Mujer auténtica, pero sobre todo mujer de pocas palabras.

No por tímida, como Pepita, que siempre calla por miedo a equivocarse. No por indecisa, como Daniela, que se rinde sistemáticamente a los abusos de su marido, hasta el punto de dar por terminada toda discusión concediéndole la razón. No por árida de sentimientos o por incapaz de expresarlos, como Lidia, quien desborda de sentimientos y, sin embargo, nunca sabe por dónde empezar y enmudece.

Mujer de pocas palabras porque, anclada en la Palabra, de tal modo ha vivido su esencialidad, que sabe distinguir, sin excesiva fatiga, lo genuino entre mil sucedáneos,

la tela auténtica en la muestra de los tenderos, la palabra verdadera en una librería de apócrifos, el cuadro original entre un montón de imitaciones.

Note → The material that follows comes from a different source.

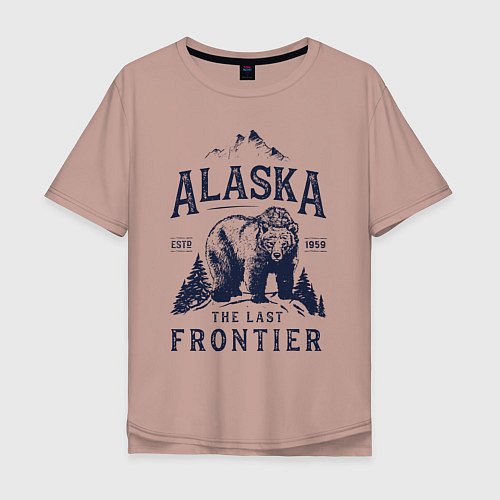 Мужская футболка оверсайз Аляска - Последний рубеж / Пыльно-розовый – фото 1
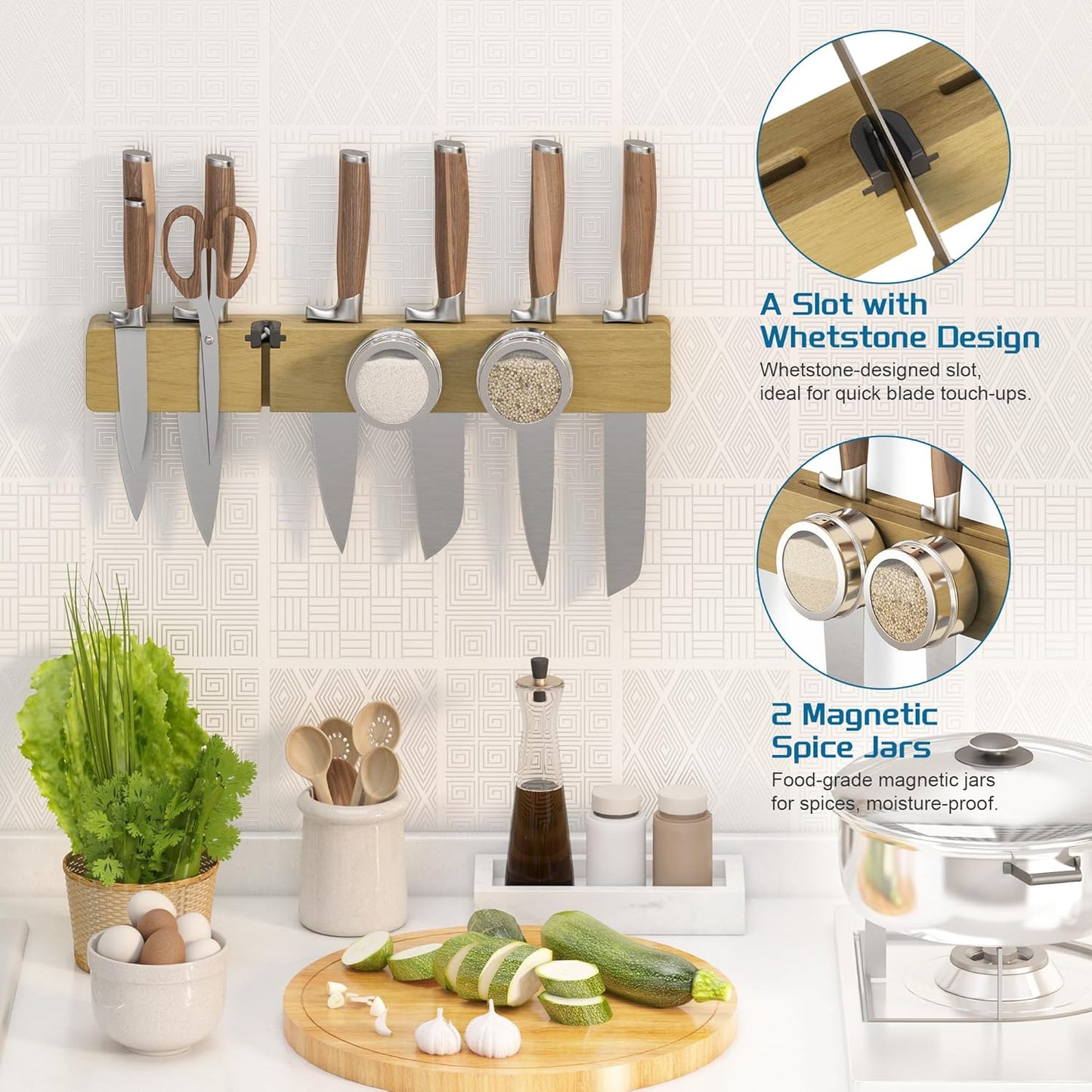 Magnetic Knife Holder for Wall, Acacia Wood Knife Magnetic Strip No Drill Knife Magnet Storage Bar Magnetic Tool Key Holder Strip for Kitchen Utensil Organizer (Light Brown, 16 Inch Large)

Ningún lenguaje humano habrá sido tan denso de significado como el de María: monosilábico, con palabras breves como un «sí»; susurrante, con palabras como «hágase»; de abandono total, como un «amén»; de reverberaciones bíblicas, hilvanado con el hilo de una vieja sabiduría, alimentada de silencios fecundos.

 

Icono de la antirretórica, no posa para nadie.

Ni síquiera para su Dios.

Menos aún para los predicadores, que a menudo la han usado para desahogar su prolijidad. Justamente porque no hay nada declamatorio en ella, pues todo es oración, queremos que nos acompañe a lo largo de las veredas de nuestra pobre vida, con un ayuno especialmente de palabras.

 

Santa María, mujer sin retórica, ruega por nosotros, enfermos incurables de grandilocuencia. Más hábiles en el uso de la palabra para esconder los pensamientos que para revelarlos, hemos perdido el sabor de la sencillez.

Seguros de que, para afirmarse en la vida, hay que saber hablar, incluso cuando no se tiene nada que decir, nos hemos convertido en prolijos e incontinentes.

Expertos en tejer telarañas de vocablos sobre los cráteres de la «falta de sentido», nos precipitamos, frecuentemente, en las trampas negras de lo absurdo como moscas en el tintero.

Incapaces de ir al centro de las cosas, nos hemos hecho un alma barroca, que usa los vocablos como si fueran figuras de yeso y envolvemos los problemas con las volutas de nuestras astucias literarias.

Santa María, mujer sin retórica, ruega por nosotros pecadores, en cuyos labios la palabra se pulveriza en torbellinos de sonidos sin sentido. Se deshace en mil láminas de acentos desesperados. Se convierte en voz, pero nunca en carne. Nos ilusiona con la comunión, pero ni siquiera alcanza la dignidad del soliloquio. Y aun después de haber pronunciado tantas palabras, hasta con elegancia y de un tirón, sentimos la pena de una aridez indecible, como los

mascarones de esas fuentes que han dejado de dar agua y en cuyo semblante sólo queda la contracción de una mueca.

Santa María, mujer sin retórica, cuya sobrehumana grandeza depende del estremecimiento instantáneo de un «sí», ruega por nosotros pecadores, perennemente expuestos, entre convalecencias y recaídas, a la intoxicación de

las palabras.

Protege nuestros labios de la palabrería inútil.

Haz que nuestras voces, reducidas a lo esencial, partan siempre de los recintos del misterio y lleven el perfume del silencio.

Haznos semejantes a ti, sacramento de la transparencia.

Y ayúdanos para que, en la brevedad de un «sí» dicho a Dios, nos sea dulce naufragar como en un mar sin confines.